The Awards Game: Up In The Air

The Awards Game: Up In The Air

I've never felt particularly connected to Big-N Nature, that abstract category of life that usually consists of trees, dirt and non-human animals while more importantly excluding everything related to humans and civilization. As a result, I've had to find special work-arounds for modern spirituality. Some years ago, I decided that Catherine Zeta Jones is my power animal and George Clooney my spirit guide. I decided this just after seeing Ocean's 12 because despite the fact that it's not a particularly good movie and makes no pretense whatsoever to seriousness, I found both of those actors' performances compelling. There had to be something mystical at work. Ever since my awakening, I've done my level best to give whatever George Clooney has taken part in a chance, even when it's a mediocre film like The Men Who Stare At Goats or a good but overrated prestige piece like Good Night and Good Luck. That doesn't always mean I get around to those films immediately. Clooney's 2009 nomination magnet Up In The Air didn't grace my DVD player until well after the 82nd Academy Awards where it was up for six statues but won none of them. Like most critics, I generally enjoyed Up In The Air but I can see why it didn't sweep the Oscars. Still, it deserves the recognition it got.

In 2009, the Best Picture competition was so stiff it was like someone left it out in the snow during that year's brutal winter. Aside from the topically-charged winner The Hurt Locker, Up In The Air had to go up against two socially conscious dramas (The Blind Side and Precious), an elegant period piece (An Education), two sci-fi blockbusters (Avatar and District 9) and three Hollywood auteurs (Quentin Tarantino with Inglorious Basterds and the Coen Brothers with A Serious Man) who are considerably more established than director Jason Reitman. Granted, there were a few long shots on that list, especially A Serious Man, but Up In The Air's nomination was an honorable mention from the beginning. The film, from the perspective of scripting, direction and overall execution, is a good way to spend two hours and it does inspire thought, but it's too low-key to ever grab the spotlight, even in an off year.

The Best Actor award was the one most likely to nab Up In The Air an Oscar. Jeff Bridges ultimately won for his performance in Crazy Heart, though Colin Firth probably should have taken it with his considerably less calculated turn in A Single Man.
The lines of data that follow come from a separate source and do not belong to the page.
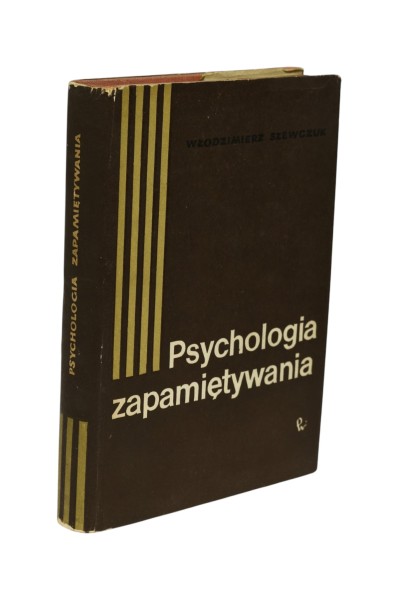 Psychologia zapamiętywania Szewczuk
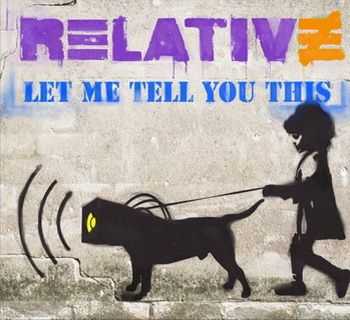 Relative - Let Me Tell You This (2013)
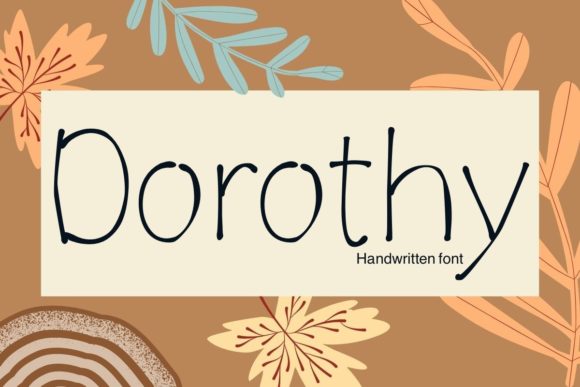 Dorothy Font Poster 1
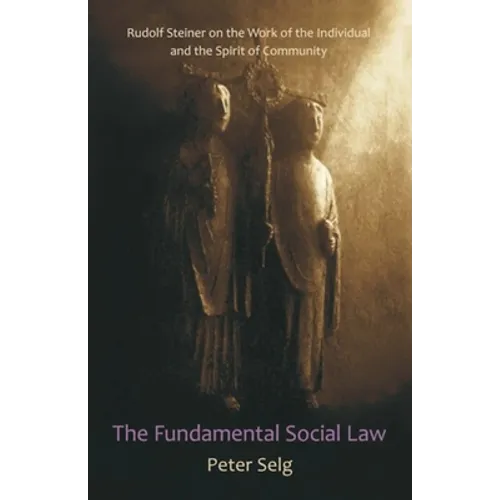 The Fundamental Social Law: Rudolf Steiner on the Work of the Individual and the Spirit of Community - Paperback | Books | Wiccan Center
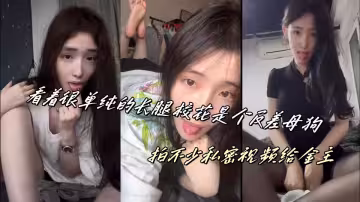 看著很單純的長腿校花是個反差母狗，拍不少私密視頻給金主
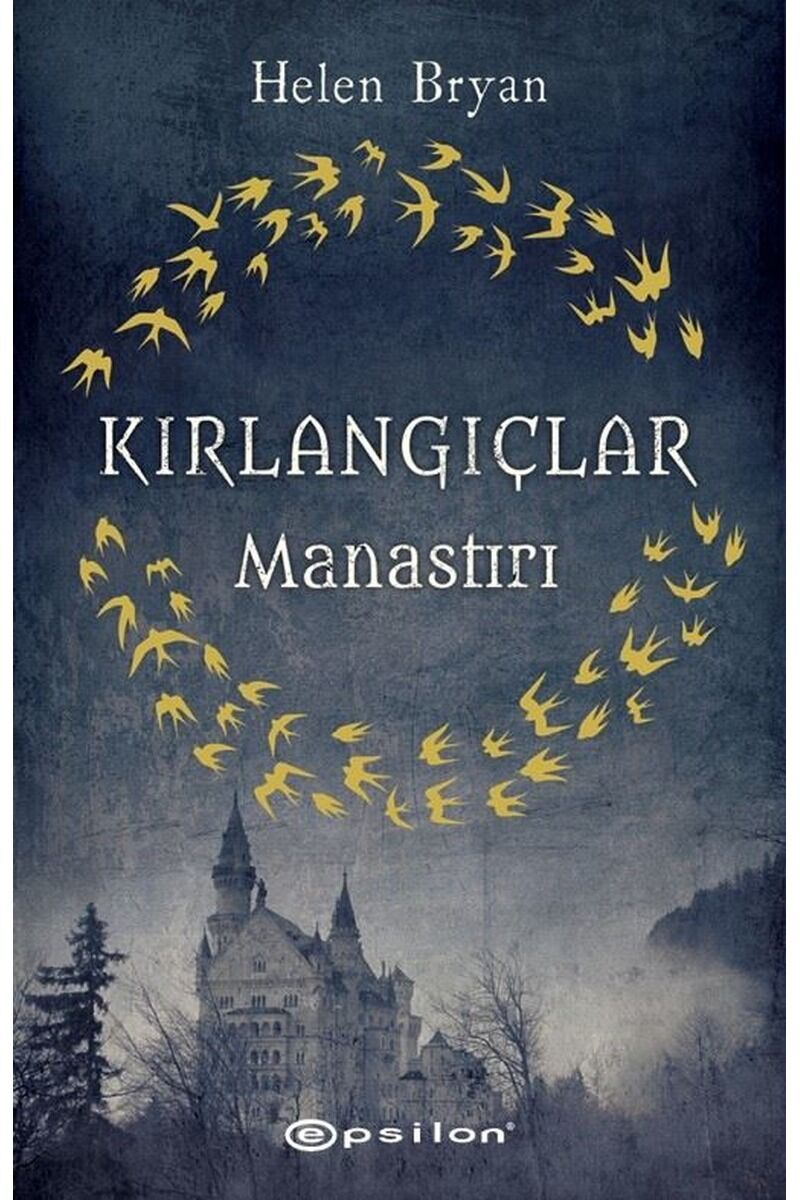 Kırlangıçlar Manastırı, Clz - HELEN BRYAN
George Clooney as perpetual traveler Ryan Bingham is good, but really he doesn't invent a new character for him so much as he applies a variation on the charming bachelor he's been playing since ER. Don't get me wrong, I'll watch that character in as many movies as he appears, but he'll never wow an audience that has come to expect him.

Up In The Air had two nominees for Best Supporting Actress, deservingly. Vera Farmiga brought a lot of subtlety to Alex Goran and she handled herself well alongside Clooney, which was really her only job. It wasn't a revolutionary performance, but it fit the bill just fine. The real surprise of Up In The Air and I think the part most likely to last well beyond the film's relevancy is Anna Kendrick's role as aspiring executive Natalie Keener. Up In The Air's three acts are almost too well-defined, but a lot of that has to do with the fact that Natalie is largely absent from the first and third. Kendrick gives easily the funniest, most nuanced performance in the movie. With the right career moves, she could have a place among the Hollywood elite and we'd be looking back at her performance in Up In The Air as an early sign of talent.

Up In The Air wasn't really robbed at the 82nd Academy Awards, but it deserved its nominations. It's good to see that a quiet, unglamorous philosophy movie stood alongside the best of 2009.